● **TASK BRIEF**: Your task is to transcribe exactly, and only, the lines running from the one with "I Regressed to" to the end of the listing below, inclusive, with every picture left out.
Start of DATA EXCERPTS
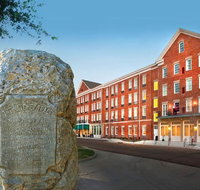 Natchez Grand Hotel - Tourism House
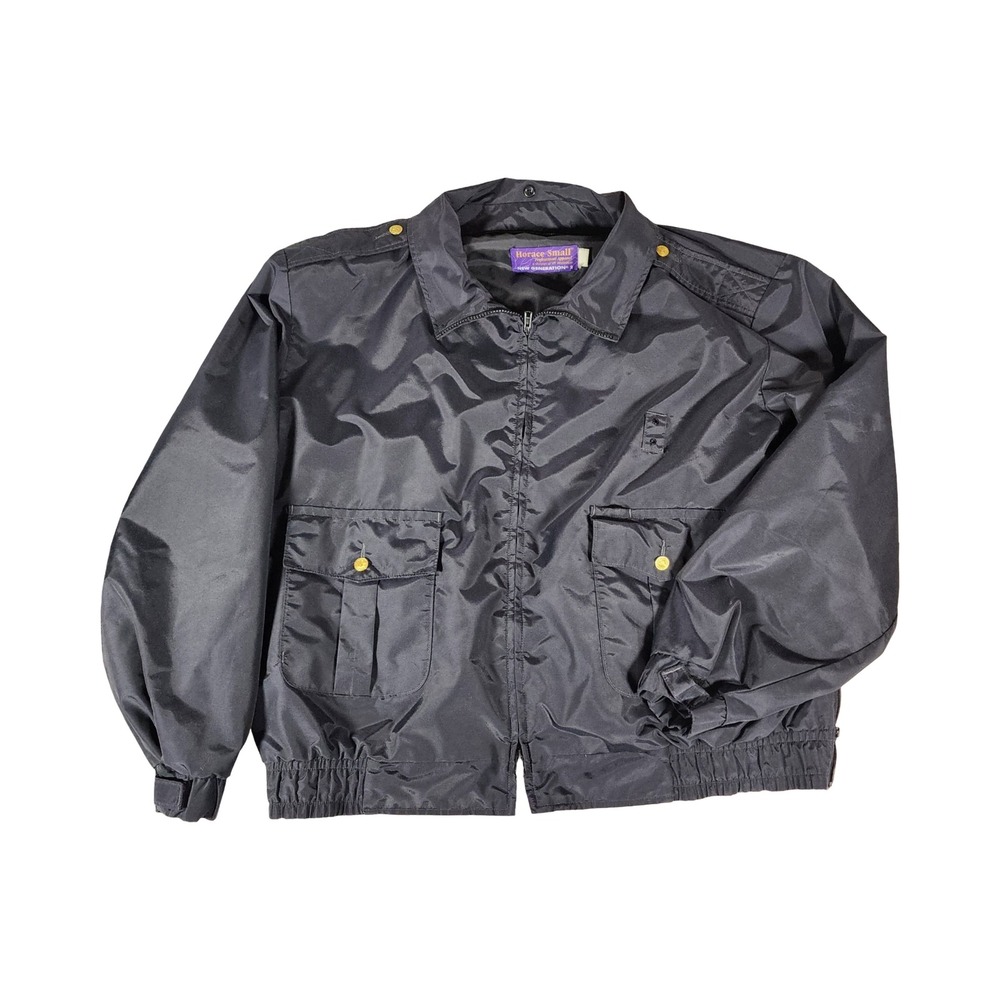 Vintage Horace Small New‎ Generation 2 Professional Jacket XXL Zip Up Workwear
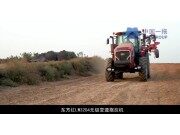 东方红LW3204轮式拖拉机产品介绍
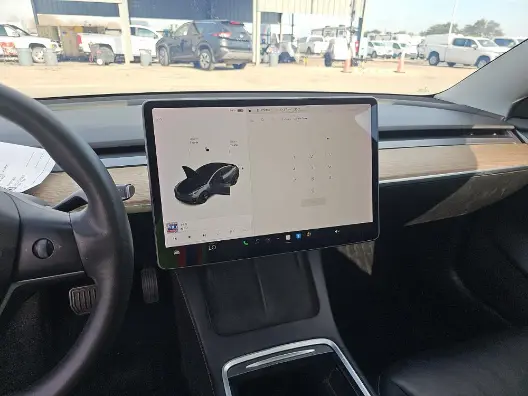 Florida Fine Cars - Used TESLA MODEL 3 2021 ORLANDO STANDARD RANGE PLUS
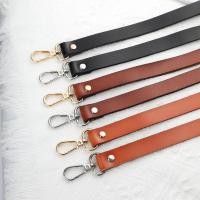 ราคา SFGHOUSE สายคล้องกระเป๋า หนังวัวแท้ แบบสั้น สีพื้น สะดวก (17076141398)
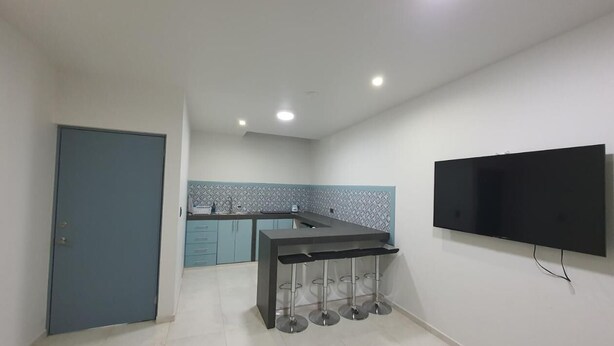 Apartment, 3 Bedrooms, Smoking | Interior - Departamento 11 Personas, Céntrico a 3 min de Paseo Durango (Durango)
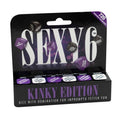 Creativec Sexy 6 Kinky Edition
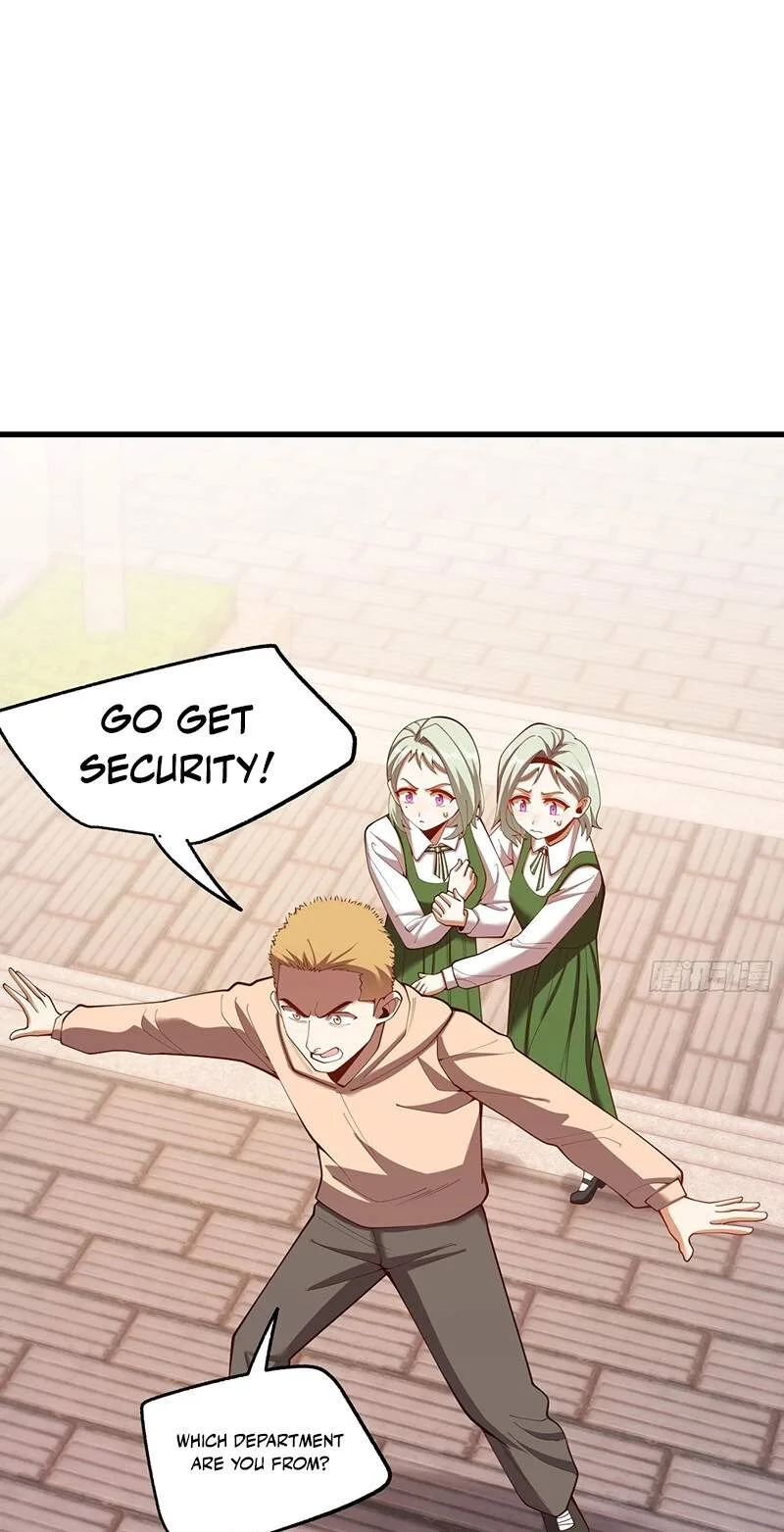 I Regressed to Level Up Instead of Being a Simp Chapter 283 page 26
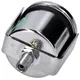 speedometer universal 60km/h black 48mm for Hercules Simson _1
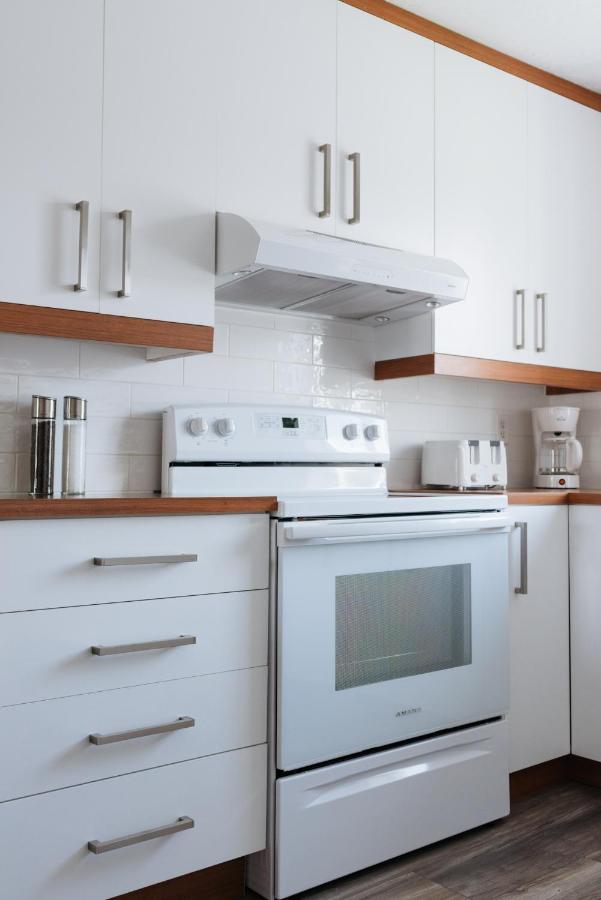 Le Contemporain Rouyn Exterior foto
End of DATA EXCERPTS
● **THE COMPLETED TASK**:
 I Regressed to Level Up Instead of Being a Simp Chapter 283 page 26
 speedometer universal 60km/h black 48mm for Hercules Simson _1
 Le Contemporain Rouyn Exterior foto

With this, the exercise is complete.